▶ **Task prompt**: Set down word for word each line from the one containing "Young girl and" through the end of the records, both included. Do not copy any pictures.

(Brief descriptive captions)
────────
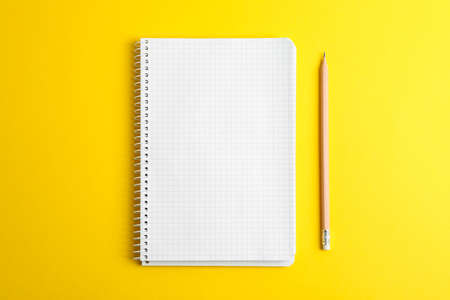 Clean copybook with pencil on color background, space for text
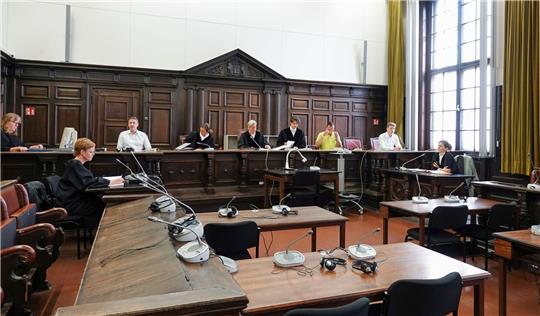 Prozessbeteiligte sitzen vor Beginn des Sicherungsverfahrens wegen Totschlags im Gerichtssaal im Strafjustizgebäude.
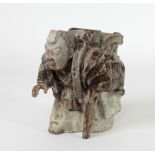 An antique Japanese porcelain Figure of an Old Man with chair on his back, and with circular stamp,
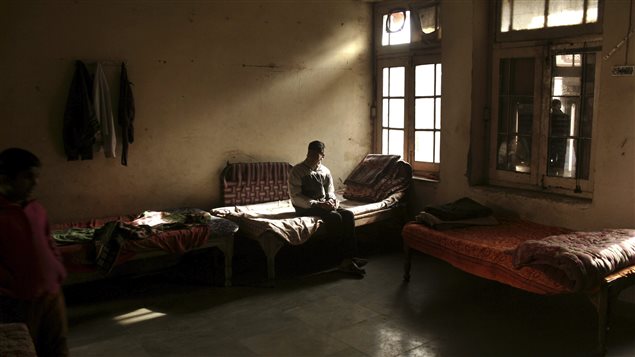 Canadian research provides hope that children like this visually impaired boy in India will be able to move out of the shadows. The photo shows a darkened room with a young man sitting on a bed. Sunlight is streaming in through a window to his left. He is looking to his right. Behind the young man is a gray wall. To his left is a couch decorated with an East Indian blanket.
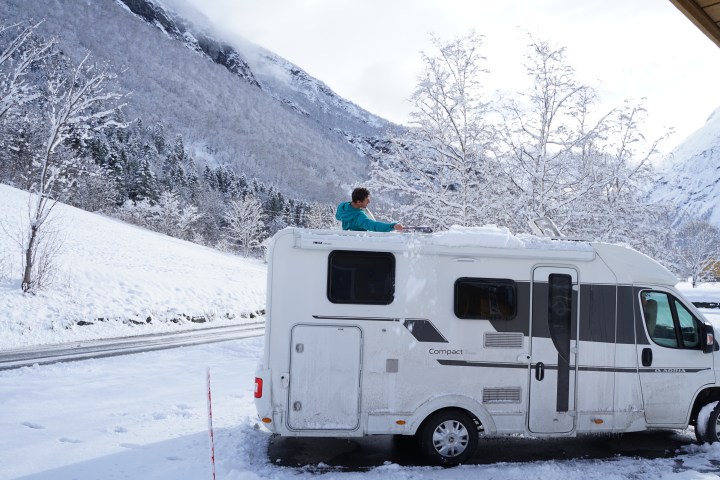 Person clearing snow off RV roof in snowy mountain landscape.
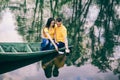 Young girl and man sitting together in old wooden boat on river. Royalty Free Stock Photo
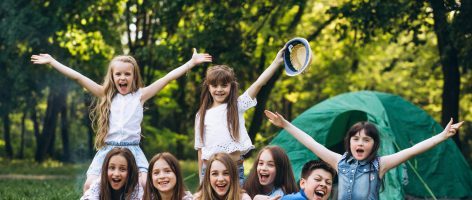 Group of girls camping in forest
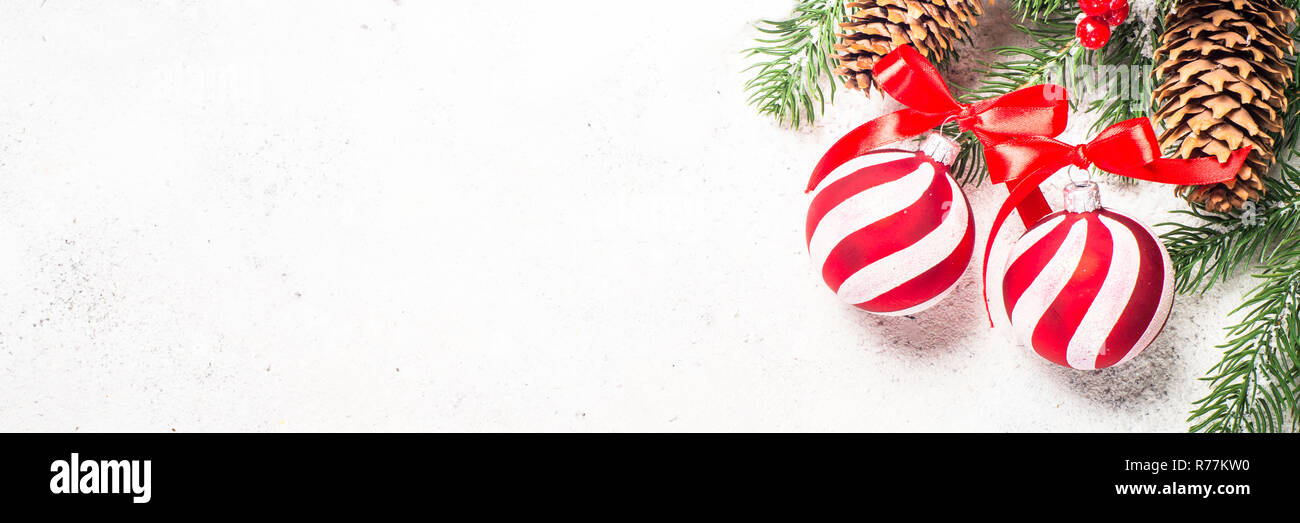 Christmas background with fir tree, red balls and decorations on Stock Photo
────────
▶ **Result of this task**:
 Young girl and man sitting together in old wooden boat on river. Royalty Free Stock Photo
 Group of girls camping in forest
 Christmas background with fir tree, red balls and decorations on Stock Photo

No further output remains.